Extract Entries in a standardized format across text search types

Issue: - Had different schema of extracted entries for symmetric_ledger vs asymmetric - Entry extraction for asymmetric was dirty, relying on cryptic indices to store raw entry vs cleaned entry meant to be passed to embeddings - This was pushing the load of figuring out what property to extract from each entry to downstream processes like the filters - This limited the filters to only work for asymmetric search, not for symmetric_ledger - Fix - Use consistent format for extracted entries { 'embed': entry_string_meant_to_be_passed_to_model_and_get_embeddings, 'raw' : raw_entry_string_meant_to_be_passed_to_use } - Result - Now filters can be applied across search types, and the specific field they should be applied on can be configured by each search type
2026-03-06 13:22:12 +00:00 · 2022-07-19 20:52:25 +04:00
parent e66cd5bf59
commit b673d26a12
5 changed files with 18 additions and 18 deletions
--- a/tests/test_date_filter.py
+++ b/tests/test_date_filter.py
@@ -13,9 +13,9 @@ from src.search_filter import date_filter
 def test_date_filter():
    embeddings = torch.randn(3, 10)
    entries = [
-        ['', 'Entry with no date'],
-        ['', 'April Fools entry: 1984-04-01'],
-        ['', 'Entry with date:1984-04-02']]

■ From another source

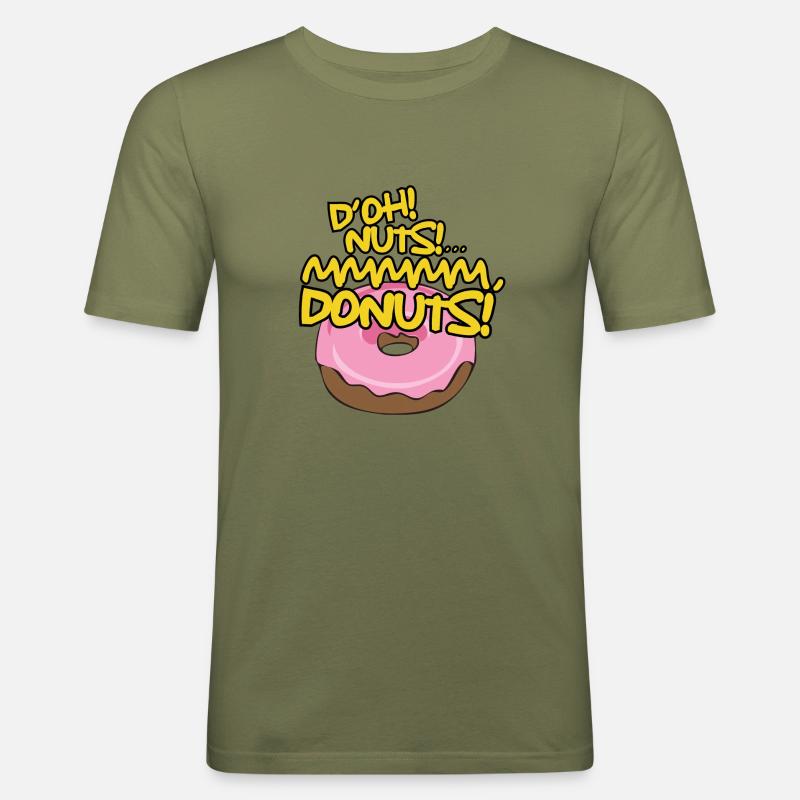 D'OH NUTS (Donuts) - Männer Slim Fit T-Shirt - Khaki Grün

+        {'embed': '', 'raw': 'Entry with no date'},
+        {'embed': '', 'raw': 'April Fools entry: 1984-04-01'},
+        {'embed': '', 'raw': 'Entry with date:1984-04-02'}]

    q_with_no_date_filter = 'head tail'
    ret_query, ret_entries, ret_emb = date_filter.date_filter(q_with_no_date_filter, entries.copy(), embeddings)